Strong’s interviews reveal that, despite the music’s increasing commodification over the last twenty years, pieces of the movement’s ideology still exist in the minds of grunge’s original fans.

The real standout moment of the book, however, is Strong’s penultimate chapter on “Gender and Grunge,” in which she demonstrates that even though women played an important role in the development of grunge they are largely omitted from her respondents’ recollections of the genre. As she states:

The woman who is most often remembered, Courtney Love, is used to reinscribe traditional gender relations through a condemnation of her rejection of them. The other women musicians from the time of grunge and the challenge they made to gender stereotypes (along with male musicians of grunge who were also committed to gender equality) have been either forgotten or re-labelled as ‘Riot Grrrls’. This re-labeling allows the threat being posed to patriarchal relations to be compartmentalized and contained, while the ‘grunge’ label is reinscribed as a form of ‘masculine’ rock. (p.105)

 
Strong goes on to discuss the historiographical dilemma posed by this gender purging and concludes that “the women who were celebrated as an important part of the movement have either been mostly forgotten or have been vilified” (p.128). Although Strong sees this “forgetting of women” as part of a “trend within contemporary society for women to become invisible and be forgotten when the past becomes ‘history’” (p. 106), it seems especially strange for a movement like grunge which held gender equality as a primary tenet. Through her interviews, Strong found that when respondents were asked to give the names of bands they considered to be grunge, only three female bands were included (Hole, L7, and Babes in Toyland) and that many respondents required prompting to recall them. She ends the chapter with a discussion of how the threat of Courtney Love’s continual transgressions against traditional gender roles have caused her to become “an object of dislike and criticism for journalists and audiences” (p.117). Strong’s examination of how women are either denigrated or excluded from the canon is fascinating and opens up avenues for further research into the displacement of women not only in grunge, but also in rock music more generally.

Although Strong’s focus does not include a close reading of relevant musical examples, Grunge opens up real possibilities for musicologists to actively engage with the music itself. While her scope is limited solely to a sociological discussion of the culture that popularized grunge internationally, Strong’s historical contextualization of the genre (both in its original time and today) provides a useful hermeneutic window for musical analysis. Those hoping for an in-depth examination of the genre’s pinnacle songs (e.g. Nirvana’s “Smells Like Teen Spirit” or Pearl Jam’s “Alive”) should look elsewhere; however, for those scholars who are looking for a book that attempts to situate grunge historically while also discussing its remnants in modern consciousness, Grunge is an exceptional foray into the genre.

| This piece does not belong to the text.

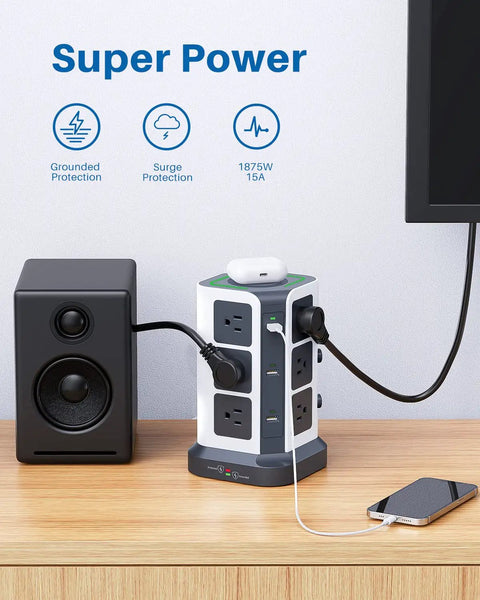Power Strip Tower With 15W Wireless Qi Charger And Surge Protector, 12 AC Outlets, 6 USB Ports, on desk with speaker and phone.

Strong attributes the current lack of grunge scholarship to the academy’s shortsighted perception that the genre was merely a commodified version of punk. The author suggests that, “Grunge was considered an overly commercialized, debased form of the rock music academic’s genre of choice, punk, and as such was dismissed as unworthy of consideration” (p.3). However, it seems that now, with slightly more than two decades since the genre’s inception, the path has finally been cleared to reexamine this music. For its discussion of the inconsistencies between the original portrayal of grunge and how it is now remembered, especially in regards to questions of gender and identity, Grunge: Music and Memory is a thought-provoking read and an important early step towards establishing grunge’s place in academic discourse.